I suspect you couldn’t help but dance along to this song, no matter how crowded and sweaty the venue (or how sticky the floor). These songs were recorded in 1976 live at the Nashville Rooms, which along with the Tally Ho and the Kensington were the prime pub rock venues. This was actually a later Bees Make Honey line-up, the earlier ones having gotten discouraged and quit in 1975. The only constants were Irishmen Barry Richardson and Mick Molloy. (Rod Demick, a later addition, wrote and sings this track.) But as the liner notes to this great 2-CD collection Back on Track point out, the Bees were “too high on music, too low on image, to make it big.”
High on music indeed—that’s what I get from “Namali.” It’s basically just another song about a girl the singer digs. The lyrics aren’t much, a lot of “I’m a fool for you” and “Can’t get you out of my head” type stuff. But this band is playing impressively tight—at first the instruments bounce around in different directions, but like a whiplash they jump back together to hit those three big rhythmic chords at the end of the verse. The main thing is the chorus, which punches urgently through its chord changes up the scale—it’s like shifting gears, the motor running louder with each phrase: “Na-ma-li! / Got to find out / Gotta find out / Gotta find out / The right way of getting thro-ough to you.” I love it when men beg like this.
Then, suddenly, they click into another mode for the bridge, legato and dreamy and minor-key folky: “Playing my guitar, working out my line / At every place from here to who knows where / Maybe I was born to cast my fortune to the wind, / But I don’t want to travel down a road that never ends.” It’s like an entirely different song; maybe he is just trying out another way of getting through to her (remember Stephen Bishop playing the guitar on the stairs of Delta House during the toga party?).

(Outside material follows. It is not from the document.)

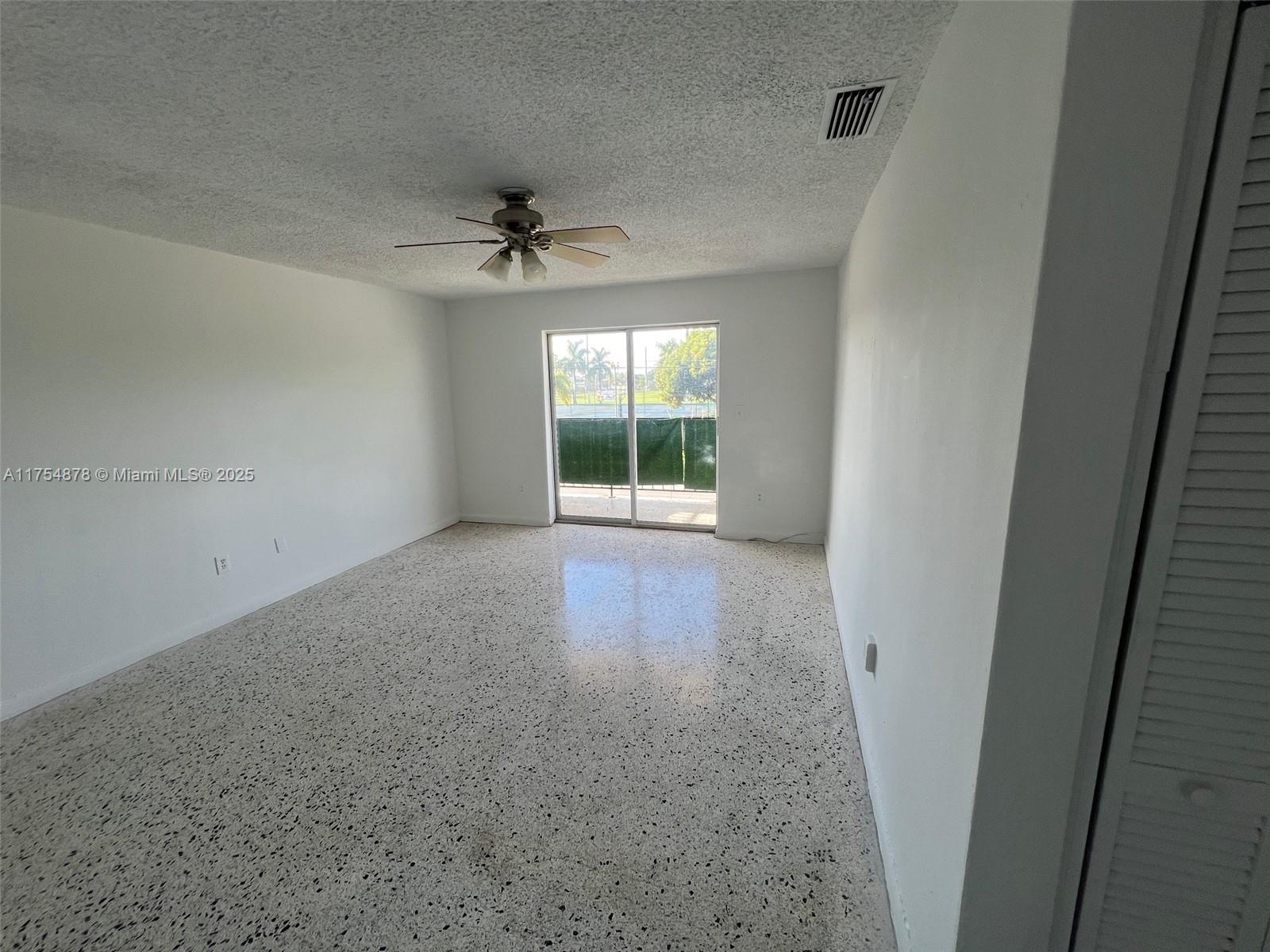 An empty room features white walls, a popcorn ceiling, a ceiling fan, and terrazzo flooring — 887 W 29th St # 2, Hialeah FL 33012, HIALEAH, FL
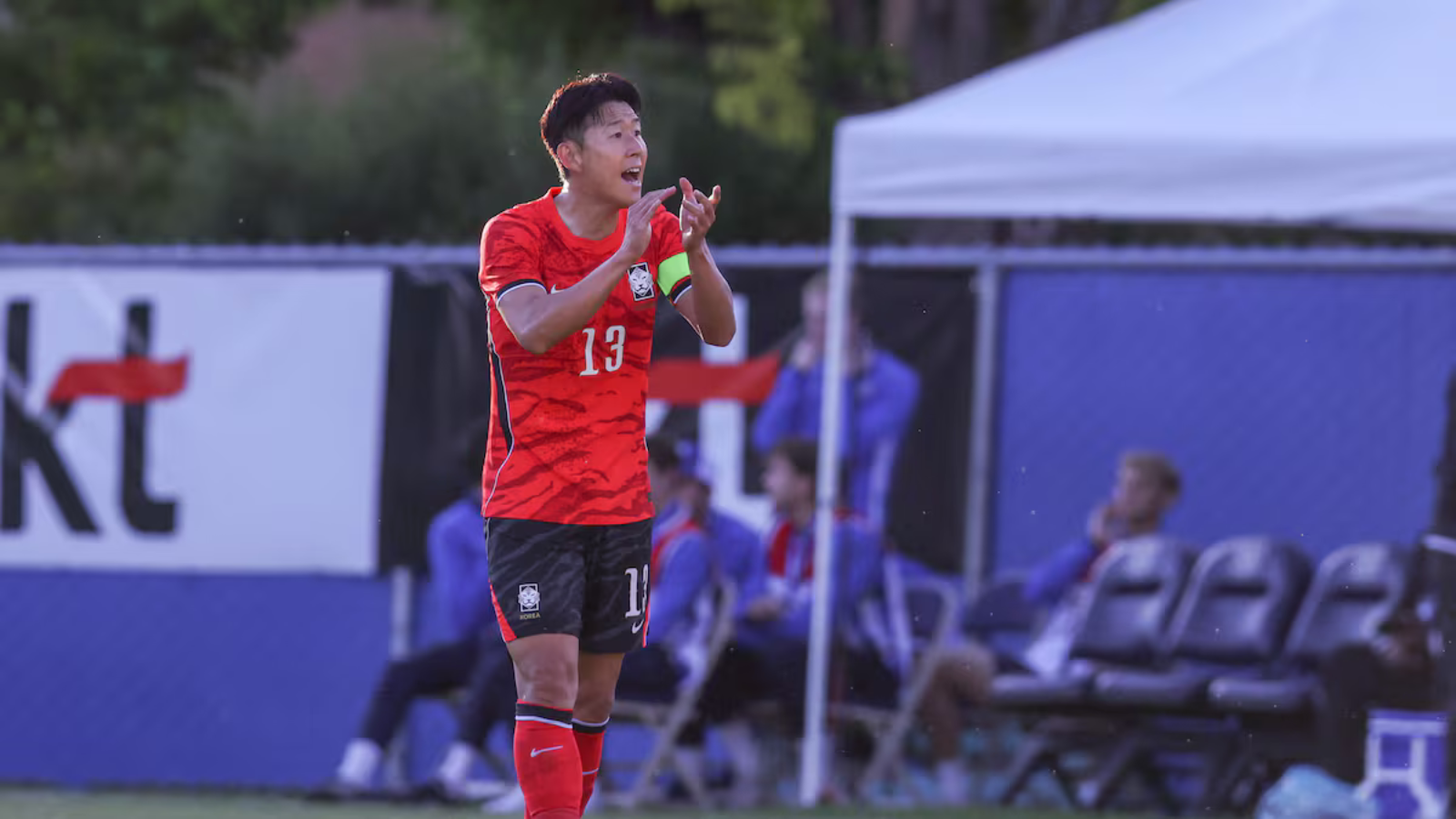 Soccer player wearing red jersey #13 on the field, clapping with teammates on the sidelines in the background.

More and more these days, I love tempo changes; that’s how you know you’ve got human beings on deck, not a drum machine and a metronome. Was it disco that killed tempo changes?
Beneath those rockabilly riffs, the whole thing’s moving in the direction of power pop. Like a Pinter play, it’s all in the silences, those split seconds when the whole band stops abruptly right on cue. Were Bees Make Honey major artists cruelly ignored by the music industry? Maybe not, but for sure they were enjoying themselves the night they recorded this song – and I’m betting their audience was having fun too.